Н а д я. Вот-вот... Когда Лариса узнала про то, что деньги сгорели, она ж не поверила и теперь постоянно называет меня воровкой, будто бы я их украла.
Т а м а р а. А сколь денег-то было?
Н а д я (не сразу). Пятьсот тысяч. Она ведь в больницу ко мне приходила, а я тогда взяла и прокляла ее!
Т а м а р а. Боже мой! Боже мой! Зачем? Господи, почему... почему ты мне ни разу про это не рассказывала?
Н а д я. Я боялась. (После небольшой паузы.) А вот теперь скажи: любит ли она меня или нет? простит ли она меня или нет?
Т а м а р а. Я думаю, что она тебя все равно любит, а если любит, то простит.
Н а д я. Знаешь, а мне кажется, что я ее тоже люблю... – это значит, что я ее прощаю?
Т а м а р а. Ну конечно же!
Н а д я (обнимает и целует сестру). Надо с ней поговорить. Почему ее так долго нет?
Т а м а р а. Странно, вода все так же журчит...
Н а д я. Она не может так долго мыться.
Подходят к туалету.
Лариса, ты моешься? (Стучит в дверь.) Молчит... Гм... она ведь всегда под душем моется... (Снова стучит.) Ла-ри-са!

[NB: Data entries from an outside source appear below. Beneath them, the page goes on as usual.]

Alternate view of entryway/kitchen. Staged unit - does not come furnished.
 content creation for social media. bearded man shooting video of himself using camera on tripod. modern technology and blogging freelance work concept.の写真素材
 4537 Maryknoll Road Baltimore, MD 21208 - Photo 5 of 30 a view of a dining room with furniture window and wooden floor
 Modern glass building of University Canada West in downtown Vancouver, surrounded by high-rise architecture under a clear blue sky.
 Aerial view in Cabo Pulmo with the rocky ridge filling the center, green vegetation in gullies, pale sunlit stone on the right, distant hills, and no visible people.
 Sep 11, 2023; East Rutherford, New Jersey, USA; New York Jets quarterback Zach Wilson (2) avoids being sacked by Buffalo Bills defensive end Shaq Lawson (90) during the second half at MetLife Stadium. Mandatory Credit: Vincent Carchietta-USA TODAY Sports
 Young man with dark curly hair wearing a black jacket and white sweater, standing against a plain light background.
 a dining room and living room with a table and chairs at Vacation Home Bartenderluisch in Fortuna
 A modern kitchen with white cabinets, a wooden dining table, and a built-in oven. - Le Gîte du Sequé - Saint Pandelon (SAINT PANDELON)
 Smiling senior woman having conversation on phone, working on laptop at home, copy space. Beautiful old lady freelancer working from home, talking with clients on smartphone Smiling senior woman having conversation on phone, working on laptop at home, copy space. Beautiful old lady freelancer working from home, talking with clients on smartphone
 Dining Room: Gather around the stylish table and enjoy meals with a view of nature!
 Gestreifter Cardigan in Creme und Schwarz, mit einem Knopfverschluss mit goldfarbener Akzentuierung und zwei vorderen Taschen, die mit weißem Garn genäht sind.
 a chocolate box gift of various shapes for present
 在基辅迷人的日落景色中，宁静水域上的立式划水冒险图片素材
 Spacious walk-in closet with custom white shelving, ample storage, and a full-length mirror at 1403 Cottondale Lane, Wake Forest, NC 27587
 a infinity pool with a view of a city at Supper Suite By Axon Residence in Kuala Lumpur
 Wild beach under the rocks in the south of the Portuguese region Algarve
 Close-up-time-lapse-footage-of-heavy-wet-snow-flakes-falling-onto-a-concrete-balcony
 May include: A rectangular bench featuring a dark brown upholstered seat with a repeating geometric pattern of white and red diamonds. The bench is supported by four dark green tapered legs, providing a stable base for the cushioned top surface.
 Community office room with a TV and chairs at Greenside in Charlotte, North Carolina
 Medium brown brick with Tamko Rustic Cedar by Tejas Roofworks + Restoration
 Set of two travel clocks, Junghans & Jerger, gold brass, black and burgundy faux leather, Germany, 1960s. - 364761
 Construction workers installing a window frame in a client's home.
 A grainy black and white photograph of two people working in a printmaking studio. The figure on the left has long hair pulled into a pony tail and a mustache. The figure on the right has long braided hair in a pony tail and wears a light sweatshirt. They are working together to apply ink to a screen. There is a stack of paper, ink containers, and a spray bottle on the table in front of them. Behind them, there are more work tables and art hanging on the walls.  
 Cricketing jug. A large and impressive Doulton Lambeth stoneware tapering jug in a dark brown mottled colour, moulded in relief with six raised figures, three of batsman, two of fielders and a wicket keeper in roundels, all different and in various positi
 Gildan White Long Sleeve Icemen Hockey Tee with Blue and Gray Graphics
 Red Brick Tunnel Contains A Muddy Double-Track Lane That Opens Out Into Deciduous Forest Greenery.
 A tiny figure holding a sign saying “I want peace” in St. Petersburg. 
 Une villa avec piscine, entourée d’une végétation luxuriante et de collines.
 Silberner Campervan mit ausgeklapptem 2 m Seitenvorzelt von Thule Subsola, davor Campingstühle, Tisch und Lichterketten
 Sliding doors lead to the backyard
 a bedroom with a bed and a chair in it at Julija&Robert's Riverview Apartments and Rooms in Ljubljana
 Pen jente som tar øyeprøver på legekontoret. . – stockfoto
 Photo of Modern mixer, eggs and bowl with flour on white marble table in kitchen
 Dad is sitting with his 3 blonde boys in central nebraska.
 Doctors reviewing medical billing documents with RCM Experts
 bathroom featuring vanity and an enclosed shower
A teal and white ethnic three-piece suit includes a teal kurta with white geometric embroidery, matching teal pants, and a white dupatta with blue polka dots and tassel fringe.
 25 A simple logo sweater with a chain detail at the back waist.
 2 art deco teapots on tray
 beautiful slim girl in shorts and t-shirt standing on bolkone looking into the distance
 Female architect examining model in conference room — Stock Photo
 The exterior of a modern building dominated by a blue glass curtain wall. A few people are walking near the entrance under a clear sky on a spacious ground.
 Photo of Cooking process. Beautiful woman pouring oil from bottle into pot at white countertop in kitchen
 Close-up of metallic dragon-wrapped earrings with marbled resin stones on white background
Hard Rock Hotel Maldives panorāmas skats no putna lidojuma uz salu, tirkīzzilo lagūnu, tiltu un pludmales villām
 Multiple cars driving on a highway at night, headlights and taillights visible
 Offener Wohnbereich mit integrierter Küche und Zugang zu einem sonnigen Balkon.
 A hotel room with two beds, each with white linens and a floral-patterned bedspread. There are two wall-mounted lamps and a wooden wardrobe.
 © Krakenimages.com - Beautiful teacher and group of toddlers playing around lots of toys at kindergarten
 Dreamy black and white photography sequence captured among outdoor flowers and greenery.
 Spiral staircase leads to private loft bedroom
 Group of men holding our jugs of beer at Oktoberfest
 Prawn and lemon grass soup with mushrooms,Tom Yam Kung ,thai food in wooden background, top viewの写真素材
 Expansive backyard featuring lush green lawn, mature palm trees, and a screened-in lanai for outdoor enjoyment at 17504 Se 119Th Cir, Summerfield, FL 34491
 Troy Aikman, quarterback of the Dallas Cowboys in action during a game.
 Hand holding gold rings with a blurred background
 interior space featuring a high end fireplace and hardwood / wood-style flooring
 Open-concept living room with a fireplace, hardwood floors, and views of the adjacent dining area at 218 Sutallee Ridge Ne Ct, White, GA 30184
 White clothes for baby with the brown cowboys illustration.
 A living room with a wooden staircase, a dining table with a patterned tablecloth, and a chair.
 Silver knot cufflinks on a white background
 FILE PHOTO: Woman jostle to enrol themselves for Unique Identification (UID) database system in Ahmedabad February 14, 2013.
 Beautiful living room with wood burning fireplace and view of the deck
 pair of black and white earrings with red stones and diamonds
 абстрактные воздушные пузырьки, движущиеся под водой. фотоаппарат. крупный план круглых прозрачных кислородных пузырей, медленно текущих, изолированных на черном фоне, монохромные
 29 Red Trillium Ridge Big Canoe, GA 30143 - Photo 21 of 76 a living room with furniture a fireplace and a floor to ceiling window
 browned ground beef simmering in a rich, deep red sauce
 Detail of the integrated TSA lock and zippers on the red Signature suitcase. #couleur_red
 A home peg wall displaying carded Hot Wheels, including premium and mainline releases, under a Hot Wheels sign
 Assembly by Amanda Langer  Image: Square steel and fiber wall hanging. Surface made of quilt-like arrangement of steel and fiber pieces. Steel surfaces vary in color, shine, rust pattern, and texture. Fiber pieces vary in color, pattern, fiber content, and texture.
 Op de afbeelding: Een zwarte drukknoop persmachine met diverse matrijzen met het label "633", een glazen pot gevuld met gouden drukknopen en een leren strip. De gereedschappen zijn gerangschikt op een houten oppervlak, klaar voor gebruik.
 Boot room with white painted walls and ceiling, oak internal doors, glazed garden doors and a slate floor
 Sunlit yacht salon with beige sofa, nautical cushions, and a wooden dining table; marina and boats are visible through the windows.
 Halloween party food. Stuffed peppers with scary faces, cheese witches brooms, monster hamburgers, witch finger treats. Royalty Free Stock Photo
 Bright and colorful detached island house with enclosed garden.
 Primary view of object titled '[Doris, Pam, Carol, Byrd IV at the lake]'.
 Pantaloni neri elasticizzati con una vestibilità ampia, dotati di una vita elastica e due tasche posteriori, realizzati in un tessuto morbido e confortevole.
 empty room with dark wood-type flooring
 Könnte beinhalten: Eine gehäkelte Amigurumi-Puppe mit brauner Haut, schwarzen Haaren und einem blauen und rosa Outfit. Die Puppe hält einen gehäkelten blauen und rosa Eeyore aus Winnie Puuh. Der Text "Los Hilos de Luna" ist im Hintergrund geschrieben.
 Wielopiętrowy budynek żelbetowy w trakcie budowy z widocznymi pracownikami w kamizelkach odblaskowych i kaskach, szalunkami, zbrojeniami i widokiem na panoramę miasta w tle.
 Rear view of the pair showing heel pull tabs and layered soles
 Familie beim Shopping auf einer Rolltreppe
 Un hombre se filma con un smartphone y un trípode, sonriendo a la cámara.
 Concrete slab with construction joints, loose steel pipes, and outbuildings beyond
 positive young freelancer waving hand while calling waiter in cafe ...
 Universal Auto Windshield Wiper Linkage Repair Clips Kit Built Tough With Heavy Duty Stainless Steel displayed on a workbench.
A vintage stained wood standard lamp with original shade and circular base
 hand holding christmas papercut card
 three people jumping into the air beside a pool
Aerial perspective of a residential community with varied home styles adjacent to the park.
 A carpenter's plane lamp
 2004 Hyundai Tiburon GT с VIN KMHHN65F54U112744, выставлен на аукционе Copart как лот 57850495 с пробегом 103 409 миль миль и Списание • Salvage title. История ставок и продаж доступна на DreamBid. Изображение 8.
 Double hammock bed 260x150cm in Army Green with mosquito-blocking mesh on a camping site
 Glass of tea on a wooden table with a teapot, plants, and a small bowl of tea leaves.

Т а м а р а. Не слышит. (Дергает дверь.) Может что случилось?
Н а д я. Лариса, с тобой все хорошо?
Тишина.
(В панике.) Господи, доча!!! Лариса!!! Ты меня слышишь?!
Пытаются открыть дверь.
Л а р и с а. Вы чего?
Н а д я. Лариса! Доча! Солнышко! Мы так испугались... мы так испугались за тебя... Почему ты нам не открывала?
Л а р и с а. Я не могла говорить.
Н а д я. Почему?
Л а р и с а (не сразу). Потому что я вас не слышала.
Н а д я. Господи! доча... (Обнимает Ларису.) Ты прости меня.
Л а р и с а. За что? Вы чего? Мама, все же хорошо!
Надя и Лариса обнимают Тамару.
Н а д я. Что-то я так распереживалась... Ой, дура!
Л а р и с а. У тебя глаза другие. Мы ведь еще увидимся?
Н а д я. Ты только почаще приходи...
Л а р и с а. Хорошо, мама.
Надя приводит Митю, Лариса обнимает и целует его.
Не скучай, сына, я скоро вернусь... слышишь?
М и т я (молча кивает головой).
Л а р и с а. Слушайся бабушку. (Еще раз обнимает сына.) Все! Мне пора.